|23-01-18, 09:37 PM||#1|
Join Date: May 2001
Location: Moses Lake, Washington
Secrets, Gossip, Collusion, Government, and Corruption
I recently heard this riddle:
Gossip doesn’t quite fit as it is an activity, while a secret is a valuable object, about which one may become the subject of gossip if too many people hear it. Considering the damage sharing a secret may cause, why do we possess the well-known impulse to risk such damage? What occurred to me is that a secret is itself not gossip, but to bear a secret is a sort of responsibility (score another ¼ riddle-me point for me). And although a secret and gossip are two different things, they’re very closely related in that the secret is the payload whilst gossip is its mode of transportation. With so much risk involved, that close relationship must be the motive behind our human impulse to gossip.

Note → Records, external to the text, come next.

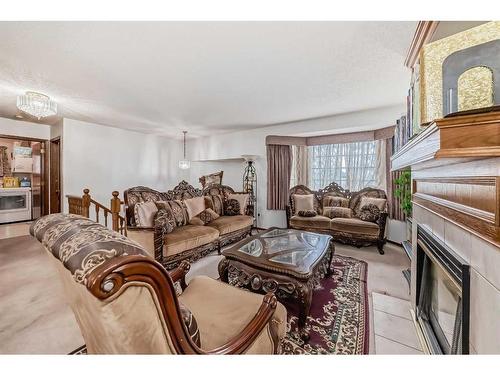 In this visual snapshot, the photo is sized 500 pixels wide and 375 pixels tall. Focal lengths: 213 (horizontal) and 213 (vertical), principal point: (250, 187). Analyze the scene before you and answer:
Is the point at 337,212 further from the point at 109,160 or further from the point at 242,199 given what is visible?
the point at 109,160

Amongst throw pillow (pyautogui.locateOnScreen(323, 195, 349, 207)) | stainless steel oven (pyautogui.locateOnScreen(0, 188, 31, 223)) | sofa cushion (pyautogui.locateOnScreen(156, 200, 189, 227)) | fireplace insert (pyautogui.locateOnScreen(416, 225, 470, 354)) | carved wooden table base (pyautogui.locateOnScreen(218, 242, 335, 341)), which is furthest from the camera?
stainless steel oven (pyautogui.locateOnScreen(0, 188, 31, 223))

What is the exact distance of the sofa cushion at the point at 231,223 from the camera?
3511 mm

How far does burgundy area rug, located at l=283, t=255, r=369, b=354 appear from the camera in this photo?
152 cm

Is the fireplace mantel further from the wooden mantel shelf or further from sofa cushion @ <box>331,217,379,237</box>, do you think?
sofa cushion @ <box>331,217,379,237</box>

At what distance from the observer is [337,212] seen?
4.04m

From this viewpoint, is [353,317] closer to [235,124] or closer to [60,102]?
[235,124]

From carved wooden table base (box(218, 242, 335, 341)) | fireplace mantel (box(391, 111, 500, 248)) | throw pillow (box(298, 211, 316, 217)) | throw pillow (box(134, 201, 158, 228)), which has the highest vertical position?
fireplace mantel (box(391, 111, 500, 248))

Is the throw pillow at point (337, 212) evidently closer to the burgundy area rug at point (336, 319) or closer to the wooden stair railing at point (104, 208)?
the burgundy area rug at point (336, 319)

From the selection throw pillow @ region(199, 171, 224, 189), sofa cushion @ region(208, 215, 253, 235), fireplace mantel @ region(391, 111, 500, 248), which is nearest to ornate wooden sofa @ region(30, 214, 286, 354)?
fireplace mantel @ region(391, 111, 500, 248)

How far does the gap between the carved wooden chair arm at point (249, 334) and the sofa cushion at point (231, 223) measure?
247 centimetres

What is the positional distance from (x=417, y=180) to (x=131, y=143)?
5776mm

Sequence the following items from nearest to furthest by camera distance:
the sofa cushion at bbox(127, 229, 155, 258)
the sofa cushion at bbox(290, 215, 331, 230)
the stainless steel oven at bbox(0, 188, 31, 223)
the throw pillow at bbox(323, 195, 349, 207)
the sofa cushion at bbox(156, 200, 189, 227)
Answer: the sofa cushion at bbox(127, 229, 155, 258) → the sofa cushion at bbox(156, 200, 189, 227) → the sofa cushion at bbox(290, 215, 331, 230) → the throw pillow at bbox(323, 195, 349, 207) → the stainless steel oven at bbox(0, 188, 31, 223)

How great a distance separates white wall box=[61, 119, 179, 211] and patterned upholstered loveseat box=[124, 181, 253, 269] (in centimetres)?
229

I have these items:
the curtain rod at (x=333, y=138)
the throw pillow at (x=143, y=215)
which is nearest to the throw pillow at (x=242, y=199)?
the curtain rod at (x=333, y=138) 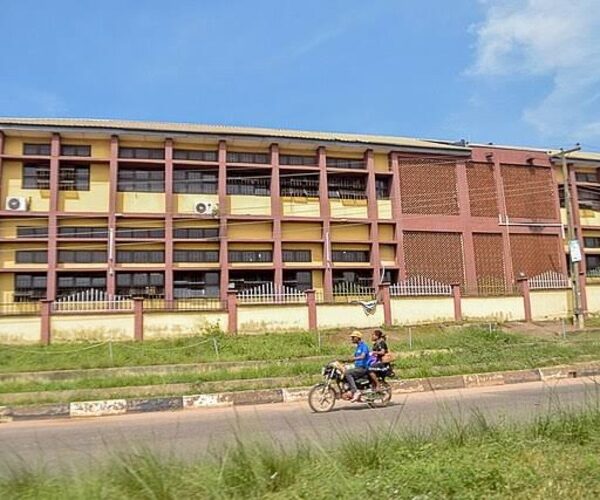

Given the weight of responsibility the holder of a secret must possess, the desire to share the workload of keeping that secret might psychologically feel like an opportunity to lighten the load. After all, for two to reveal a secret would have no greater damaging impact than for just one to do so, so sharing the burden with one other person would ‘logically’ divide it in half. This rationalization, invalid as it is, we employ in a quick mental risk/reward analysis, and quickly we come to the awareness that to share a secret is high risk but even higher reward. So the bearer of a secret inevitably decides to share it, but it doesn’t end there. Every new person to learn about the secret performs the same rationalization and eventually decides to share and share again, and again, and thus secrets beget gossip. With the damage finally done, those previously in possession of the secret individually feel less responsible for spilling the beans (except maybe for the actual snitch him or herself), and with that lesson learned, masses of people are eventually weaned of their sense of guilt over sharing of secrets.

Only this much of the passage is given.